Platform reviewed: PS Vita
When Demon’s Souls hit the market years ago, it filled a void that was starting to creep into gamer’s vocabulary: NES difficulty. Most gamers remember, or have been told stories of, how difficult a lot of the old NES games were, through legitimate or illegitimate means. Natural Doctrine appears to step up and try to take that crown, which is currently owned by Demon’s Souls predecessor Dark Souls. Can this lofty goal raise shamelessly and unapologetically brutal games to new heights, or will it wilt under the pressure of its own task?
Kadokawa Games brings you a world where only the fittest are given a chance at living. Humans wishing for a better life have to prove their worth to be granted citizenship into the city of Feste, or else be left to fend for themselves in the world’s wastelands. Enter Geoff and his compatriots trying to accomplish that very task, while going through the narrative twists and turns that prevent them from doing so. What’s so unique about the story is half of it takes place on the map in the form of speech bubbles by the character’s portrait. They keep on speaking as you look around the world map wondering where to go next.
While the story is not trying to be avant-garde, it doesn’t pretend to be. The entire focus is on how insanely hard it is, making Dark Souls seem fair in comparison. Right away the player is given a ruthless lesson in tactics. If any of your characters die it is game over. That’s right, any character. If Mr. Mage gets ambushed then it is back to the drawing board for you. Even on the hardest difficulty mode in XCOM there was that allowance for death, even if permanent, so it pushes those tactical thinking skills to the limit.
A hard game does not equal a bad game, but the problem with Natural Doctrine is the gameplay itself has flaws that punish players. Most of the stages feel like you are being corralled into certain movements and decisions due to either: A) the stages just being connected corridors, or B) the lack of mobility for units to move more than a couple spaces to allow the player to flex their tactical genius and creativity. Add in some quirks, like enemies being able to spam you when opening doors while you are stuck with a cool down, as well as not being able to pinpoint exactly where your units go when taking over an enemy square and leading to area of effect attacks hurting you more than they should, and you start to get a better picture.
Due to the lack of movement it also creates a very slow pace to the game. Having to constantly move characters two squares at a time, even when nothing is around, prolongs the game needlessly. Holding the circle button speeds things up a little bit, but the moving of multiple units from one point of the map to the other get tedious because you have to physically move them. Something like a point-and-click system would have worked better for speeding up the game.

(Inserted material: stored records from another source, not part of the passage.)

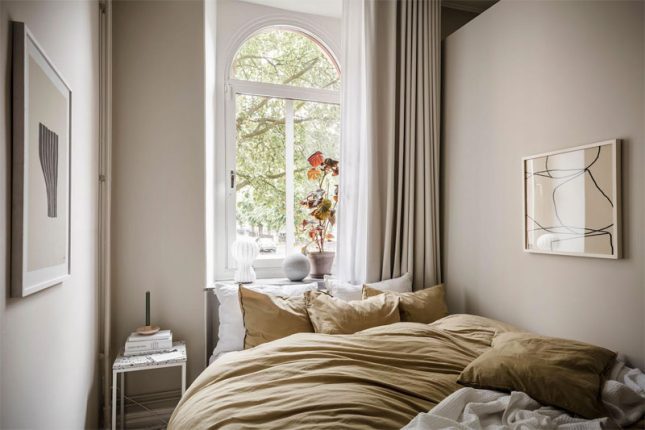 12x Kleine slaapkamer inrichten: tips, ideeën en inspiratie voorbeelden!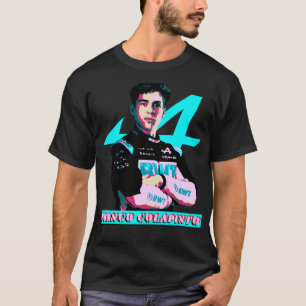 T-Shirt pour les fans de Franco Colapinto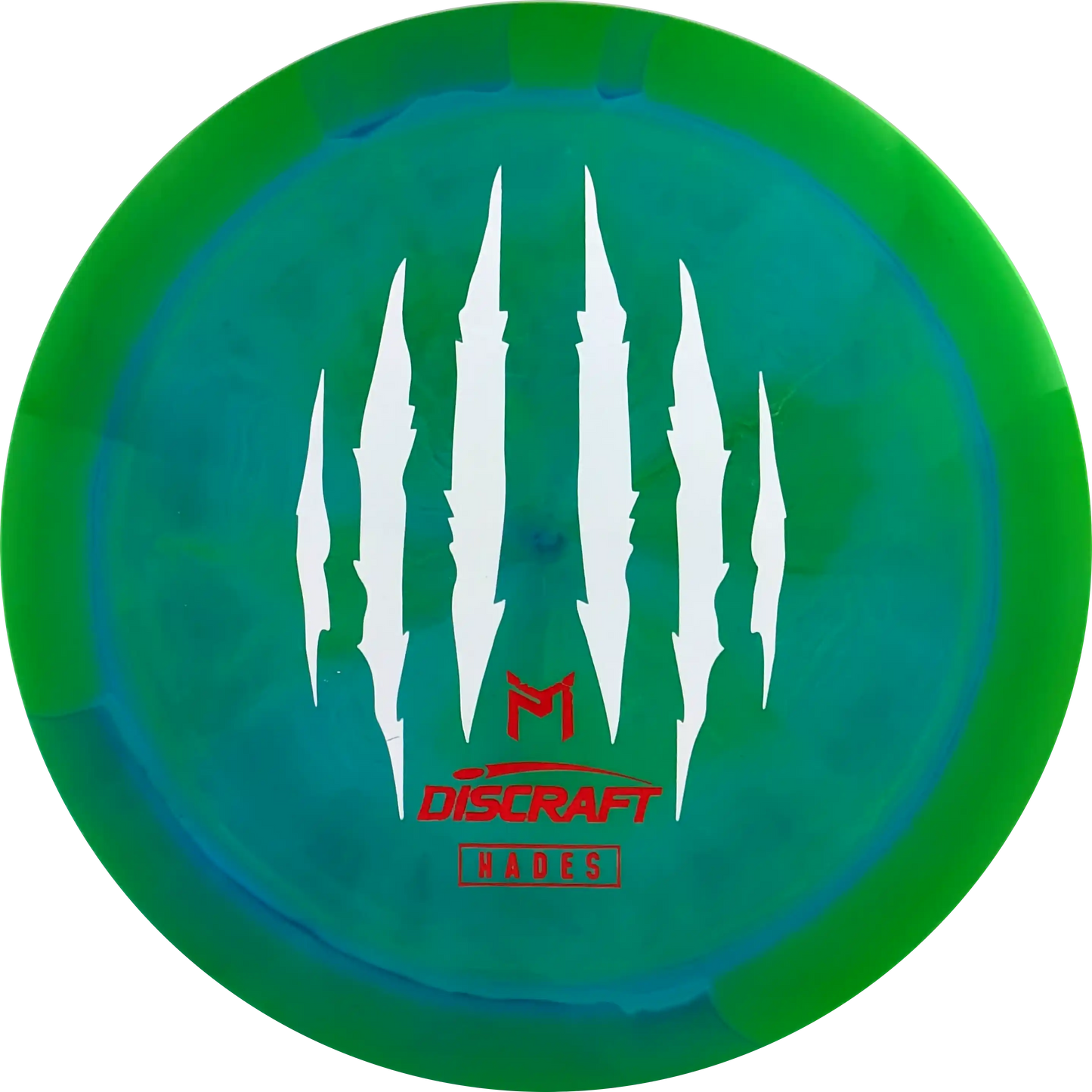 ESP Paul McBeth 6X Claw Hades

One aspect that was unique, and I enjoyed a lot because it gave some strategy to your choices, was the levelling up system. Stat points are not permanent, as in other RPGs. When you level up you gain one point, or two in the case of Geoff, which are used to activate boxes on a grid. You can customize that character however you want. If something doesn’t work you can then take the points off at any time and put them into other categories. That mechanic works itself into that trial and error theme of the game.
This game was reviewed solely on PS Vita so in terms of graphics it is a bit lackluster, even for a handheld. The art portraits look beautifully drawn but that is the best you will get. Dungeons and areas are bland looking, and while not jagged they also do not look crisp to the naked eye. Character models are a little more refined but still appear like they would in a PS2 game. This game is obviously made to be about strategy rather than being the next visual masterpiece, so judge accordingly. They did make different weapons models which is a nice plus, especially since there are named weapons. Nothing is worse than equipment looking generic.
Sadly, the musical score comes out as bland as the graphics. Listening to it you can tell where you are and what you are doing but it does not come off as inspiring, as opposed to Mass Effect for example. You’ll be in a dungeon and get dungeon-sounding music, for example, but that is it. Booting up your kickass medieval playlist on YouTube would serve you better. The voice actors do make up for it by giving an inspiring performance. NIS published games are always known for their stellar casting and this is no exception.
Overall, Natural Doctrine is a game for those with masochistic gaming tendencies. The gameplay is slow and unforgiving and making mistakes is doubly time consuming. Gamers who can handle the grind will enjoy the world, but players who need a quicker paced SRPG are better served elsewhere.